Copy exactly, from the beginning of the material below, every line up to and including the one holding "2 Radiadores Eléctricos Taurus Dubai 1200w", with the pictures left out.

■ EXCERPTED DATA
== Segment start ==

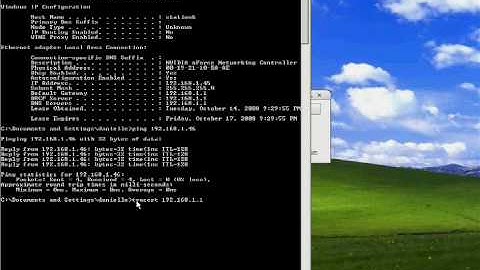 Command Line Utilities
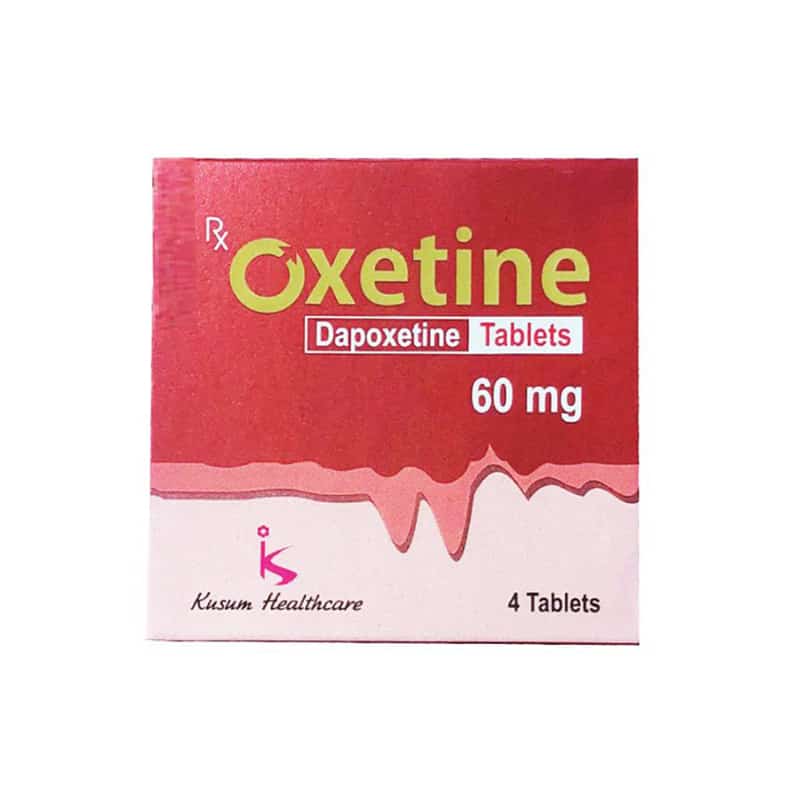 Thuốc cường dương Ấn Độ Oxetine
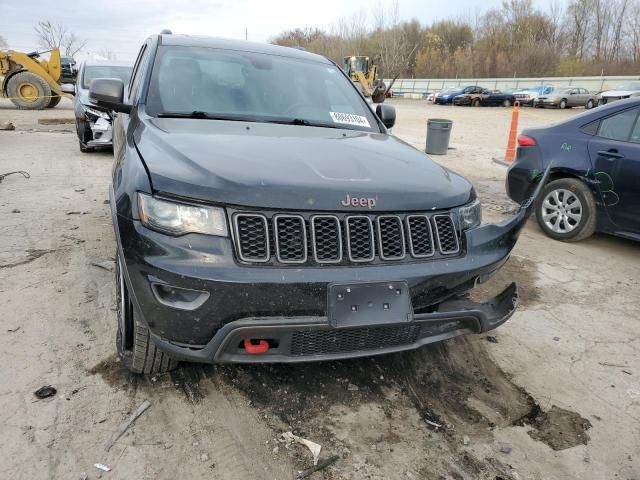 2017 Jeep Grand Cherokee Trailhawk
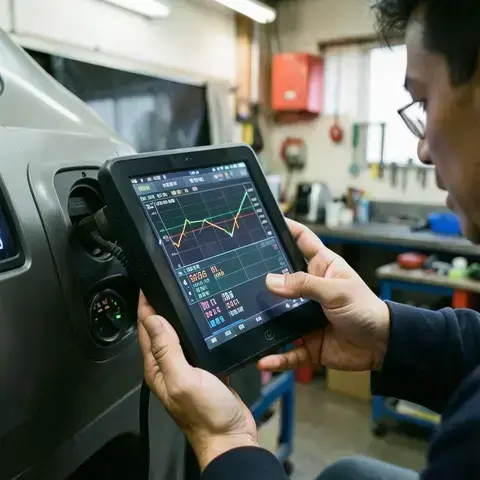 OBD-II診断
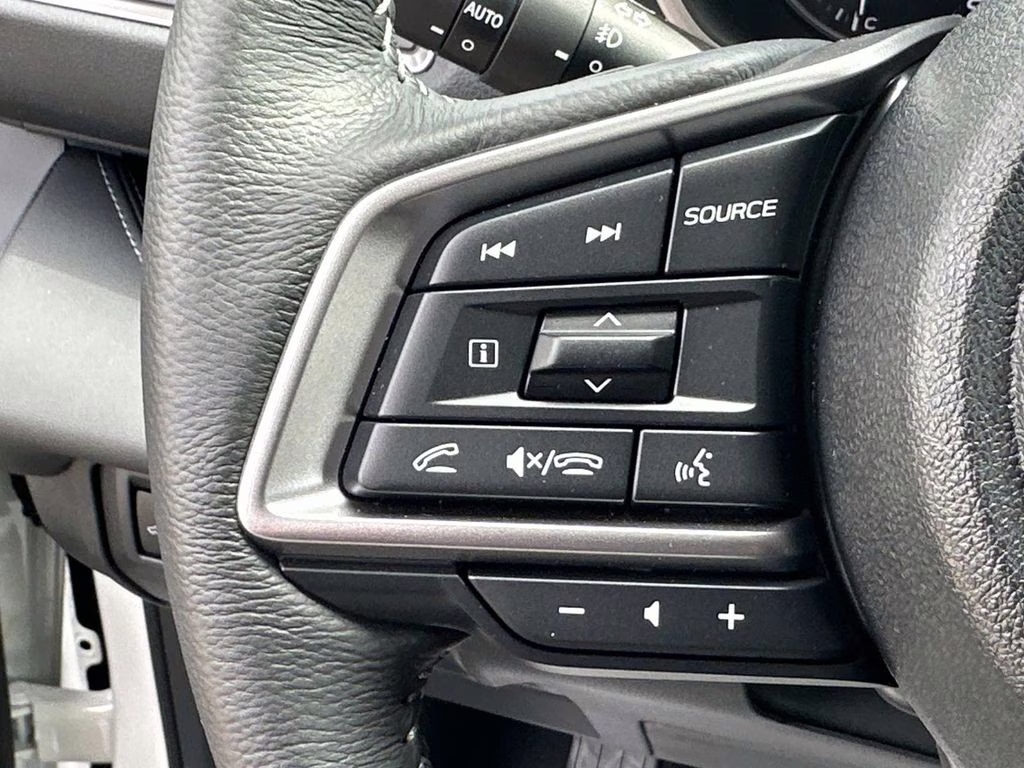 2026 Crystal White Pearl Subaru Ascent Limited AWD SUV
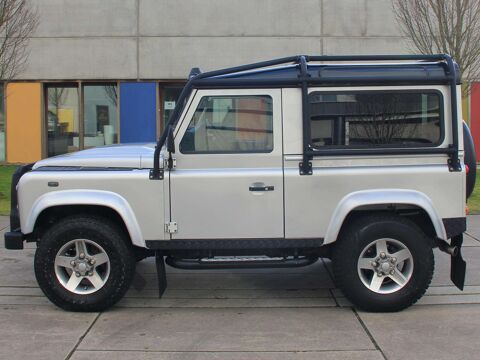 Defender DEFENDER 2.2 Turbo - D 122CV 2 PLACES CTTE 2017 occasion 39140 Bletterans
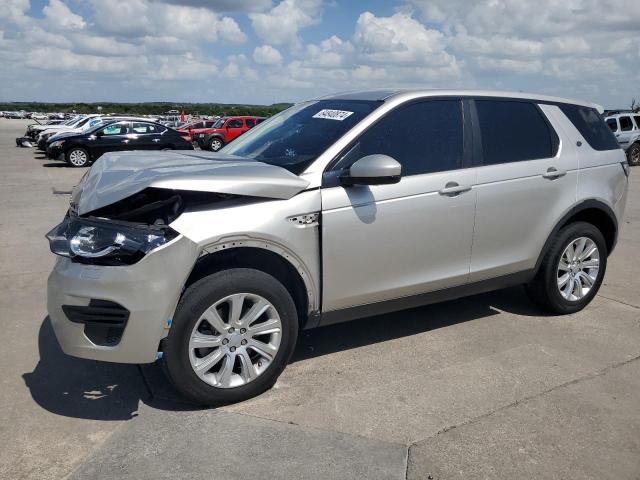 2017 LAND ROVER DISCOVERY #3020991435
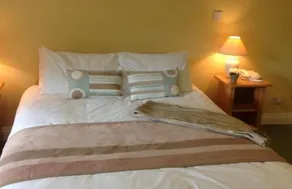 Abbey Hotel - Habitación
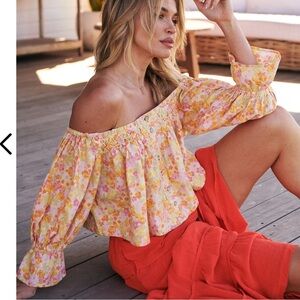 Free People James Smock
Sunny Combo size small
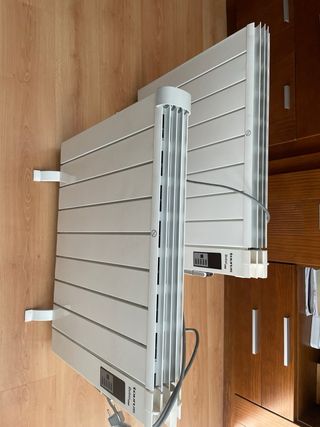 2 Radiadores Eléctricos Taurus Dubai 1200w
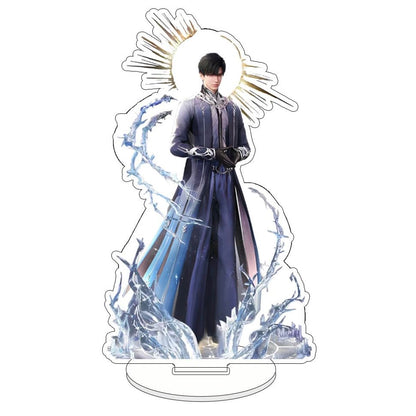 Love Deepspace Acrylic Standee - 10cm Zayne/Xavier/Rafayel/Sylus/Caleb 10cm - Desk Display Collected Decor - Zouven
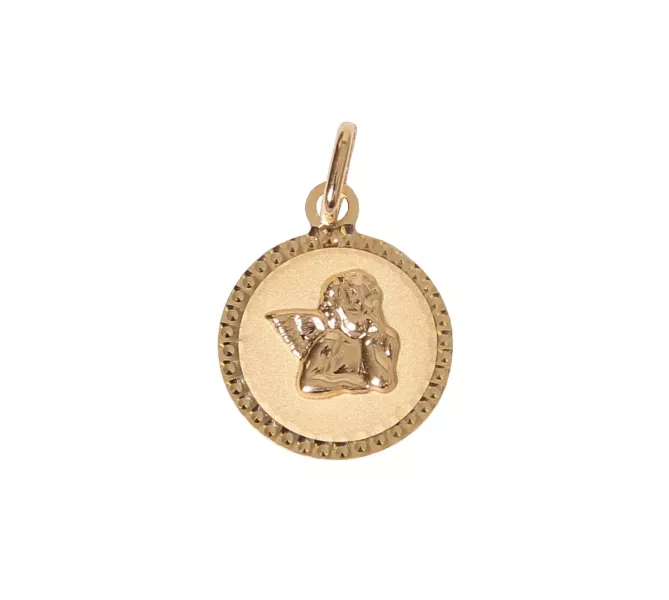 Zlatý prívesok 1375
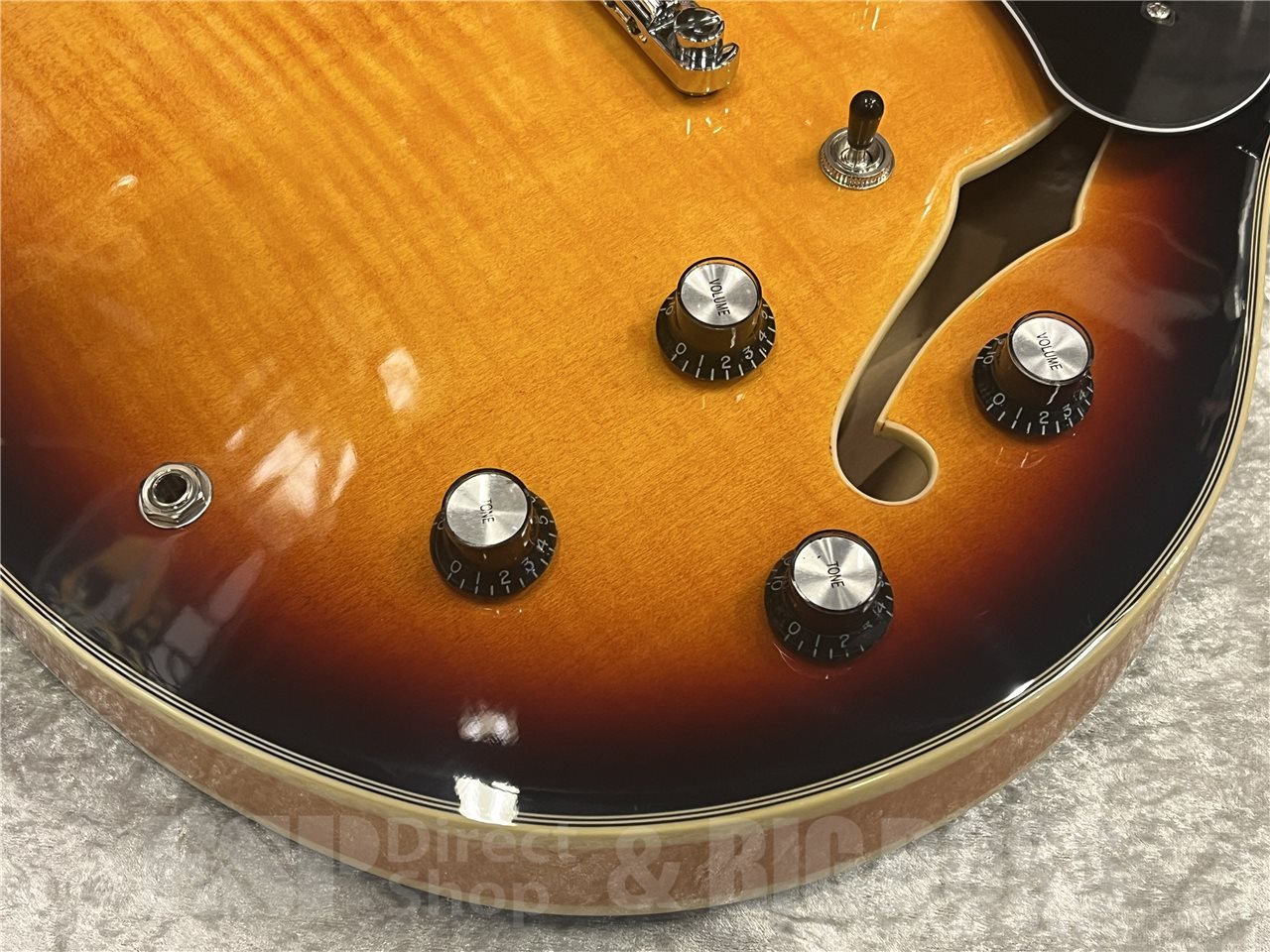 【即納可能】Sire（サイアー）Larry Carlton H7（Vintage Sunburst）　名古屋店 - 4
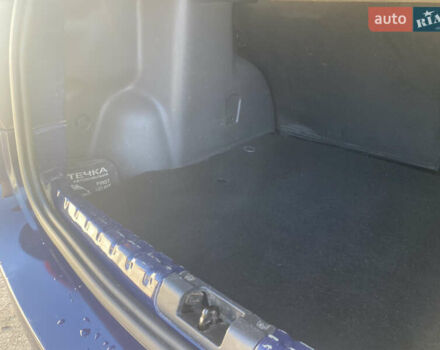 Синий Дачия Duster, объемом двигателя 1.5 л и пробегом 408 тыс. км за 9700 $, фото 16 на Automoto.ua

== Segment end ==

■ WRITTEN SOLUTION
 Command Line Utilities
 Thuốc cường dương Ấn Độ Oxetine
 2017 Jeep Grand Cherokee Trailhawk
 OBD-II診断
 2026 Crystal White Pearl Subaru Ascent Limited AWD SUV
 Defender DEFENDER 2.2 Turbo - D 122CV 2 PLACES CTTE 2017 occasion 39140 Bletterans
 2017 LAND ROVER DISCOVERY #3020991435
 Abbey Hotel - Habitación
 Free People James Smock
Sunny Combo size small
 2 Radiadores Eléctricos Taurus Dubai 1200w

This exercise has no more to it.